Collected material »
────────

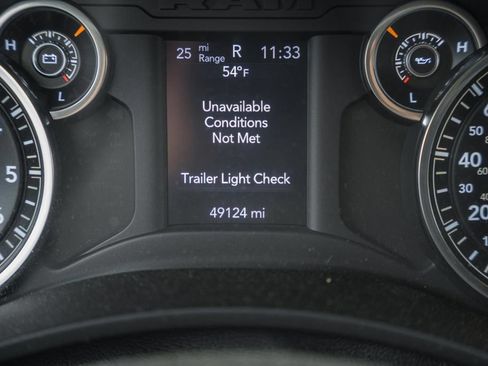 Used 2022 RAM 2500 Tradesman w/ Chrome Appearance Group AWD/4WD image 41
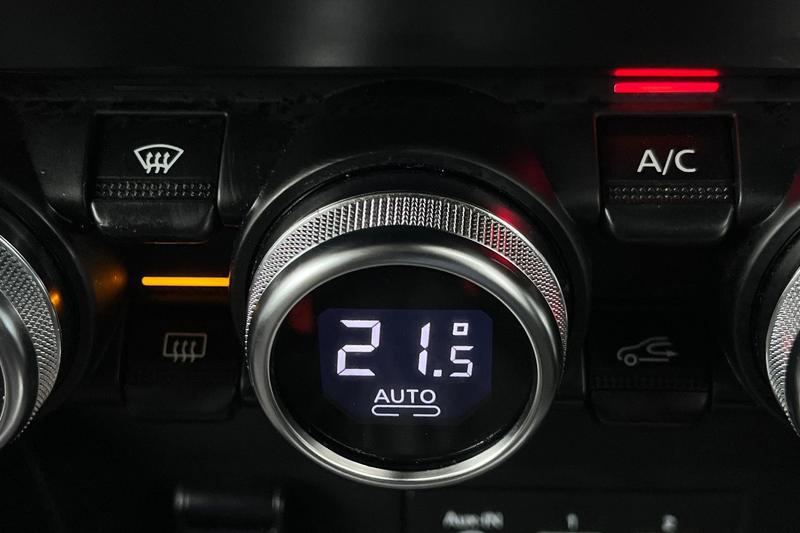 Used Renault Captur 2022 for sale - 77848590: Photo 35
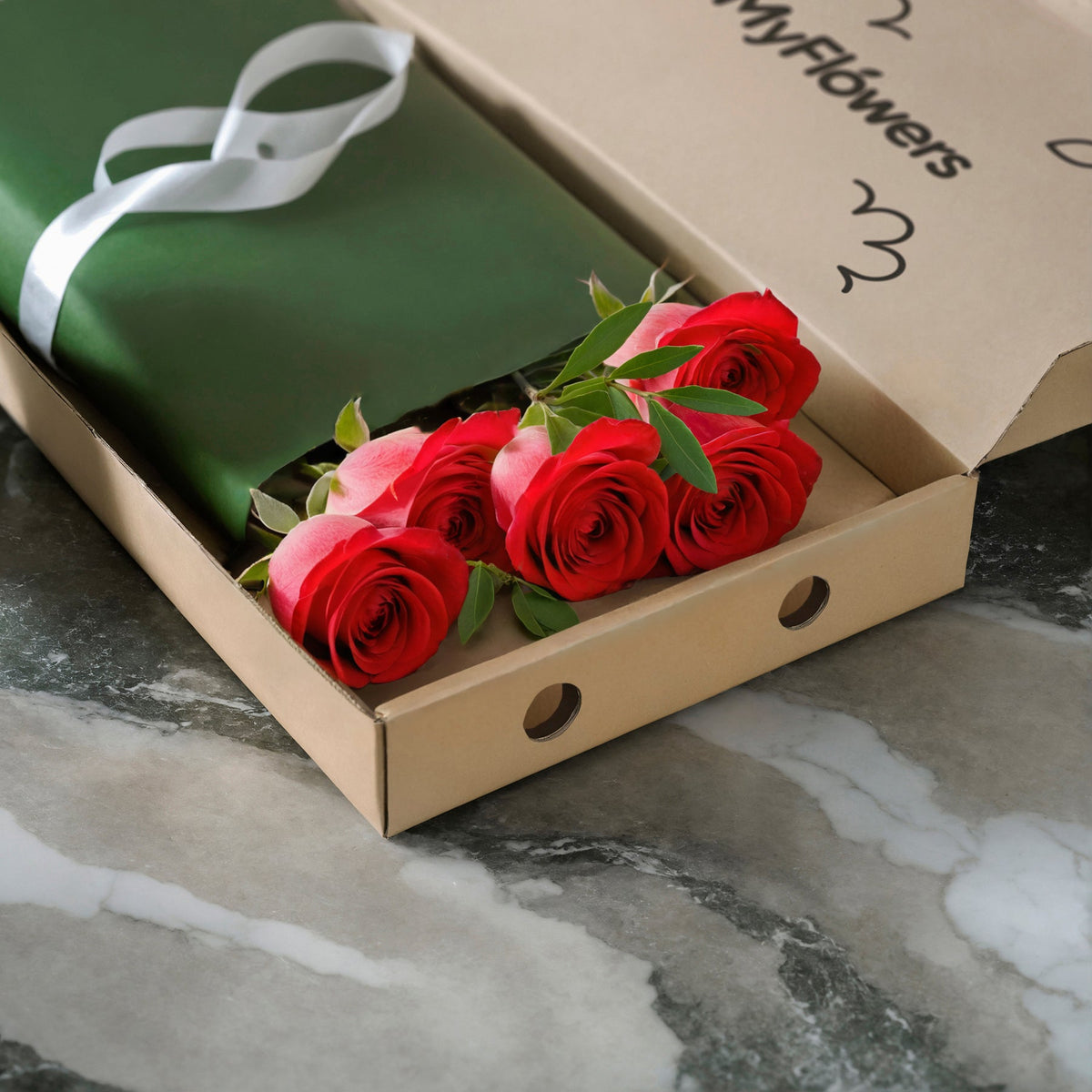 Rose Letterbox - MyFlowers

────────

What the task requires » When you copy the listing above, reproduce every line exactly and skip the images.

Written solution »
 Used 2022 RAM 2500 Tradesman w/ Chrome Appearance Group AWD/4WD image 41
 Used Renault Captur 2022 for sale - 77848590: Photo 35
 Rose Letterbox - MyFlowers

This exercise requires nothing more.